--- The task ---
Begin at the line containing "チョコレート製とは思えないほどリアルな恐竜の皮膚の質感" in the data below and go on through the line containing "دجاج باكستاني 3", repeating each line exactly; include both ends and no other line.

--- Data records ---
=== Begin Enclosure ===

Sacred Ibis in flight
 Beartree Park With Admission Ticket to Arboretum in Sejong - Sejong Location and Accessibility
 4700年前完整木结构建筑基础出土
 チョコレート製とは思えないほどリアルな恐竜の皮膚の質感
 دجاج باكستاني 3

=== End Enclosure ===
=== Begin Enclosure ===

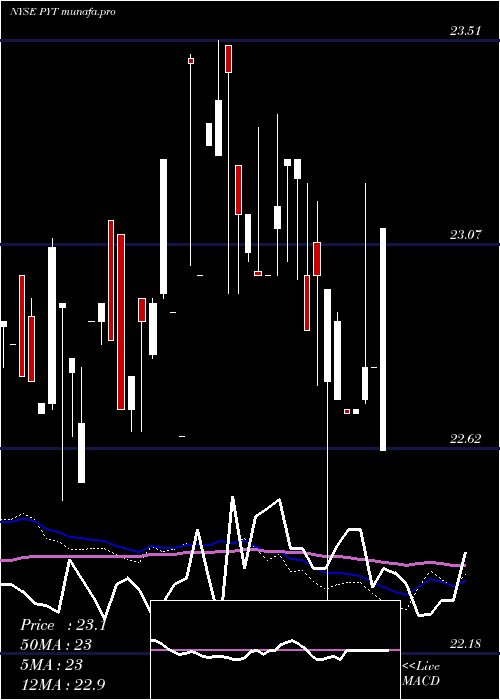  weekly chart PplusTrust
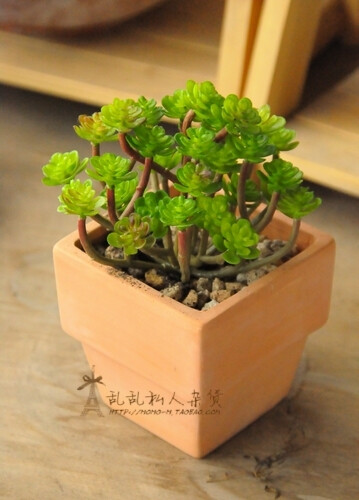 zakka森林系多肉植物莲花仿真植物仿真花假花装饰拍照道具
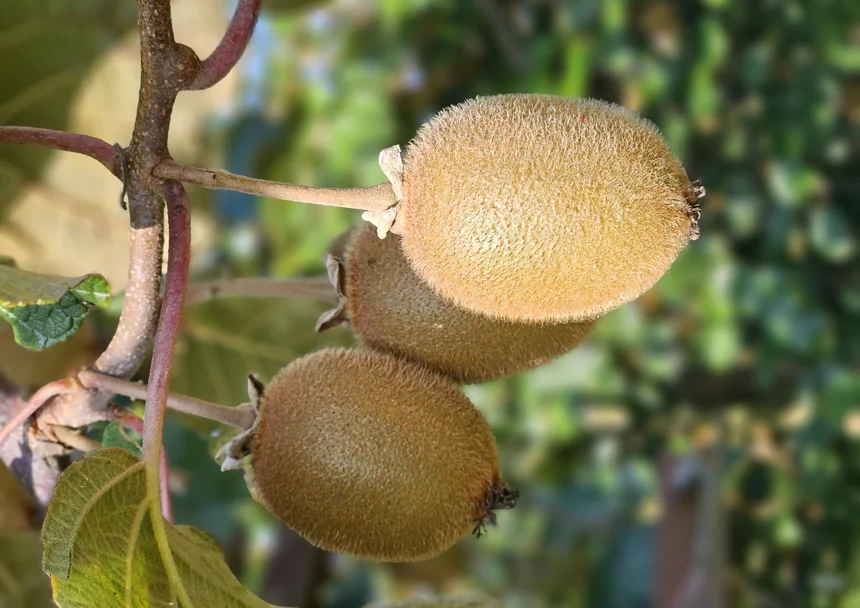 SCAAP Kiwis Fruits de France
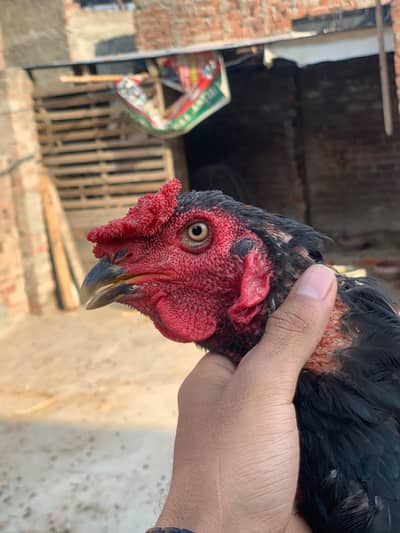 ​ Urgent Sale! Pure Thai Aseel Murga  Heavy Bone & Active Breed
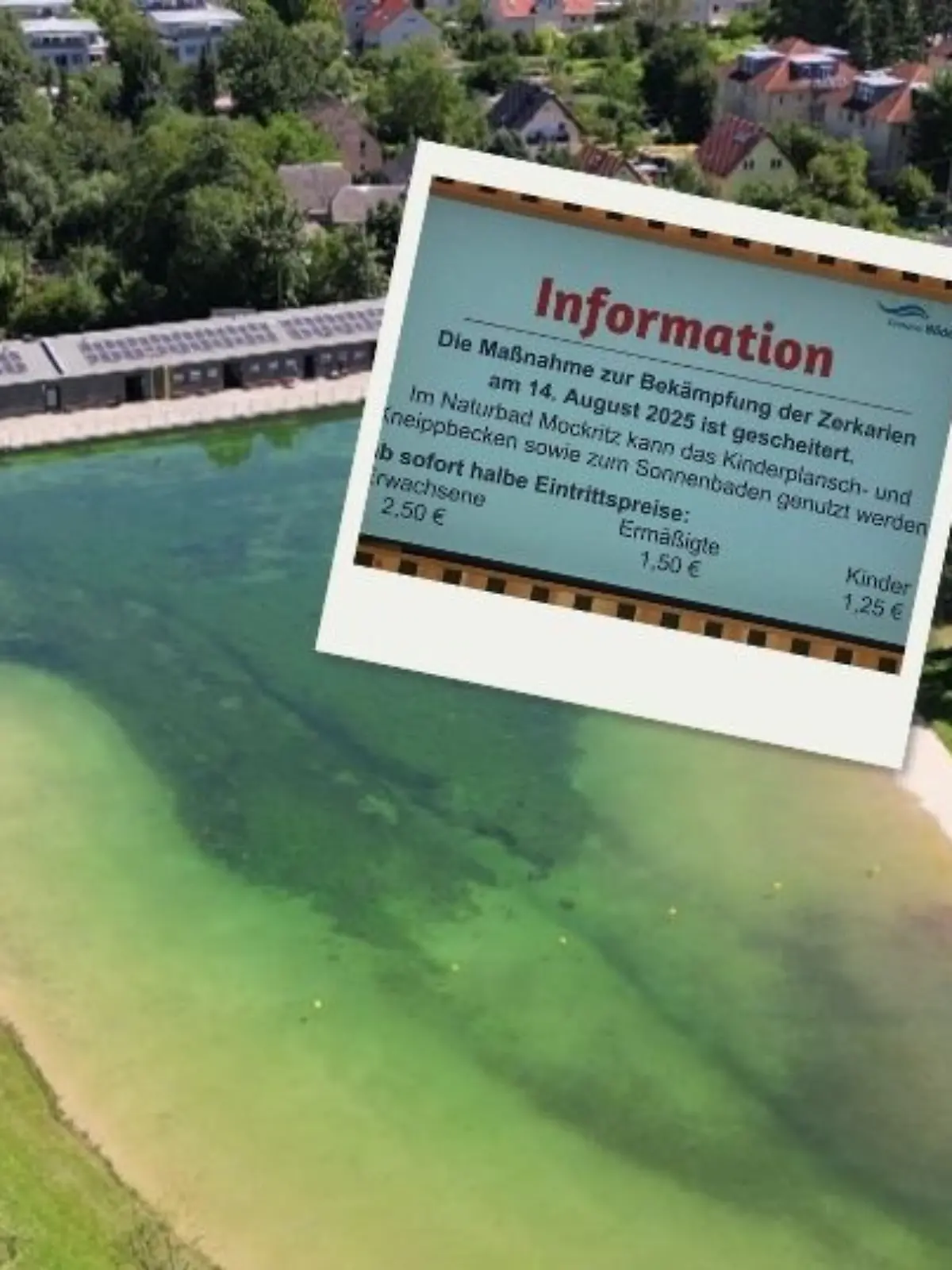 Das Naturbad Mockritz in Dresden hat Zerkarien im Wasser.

=== End Enclosure ===
=== Begin Enclosure ===

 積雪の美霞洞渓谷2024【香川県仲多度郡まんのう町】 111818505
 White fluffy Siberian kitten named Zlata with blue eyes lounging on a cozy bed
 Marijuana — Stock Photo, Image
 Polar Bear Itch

=== End Enclosure ===

--- Answer for the task ---
 チョコレート製とは思えないほどリアルな恐竜の皮膚の質感
 دجاج باكستاني 3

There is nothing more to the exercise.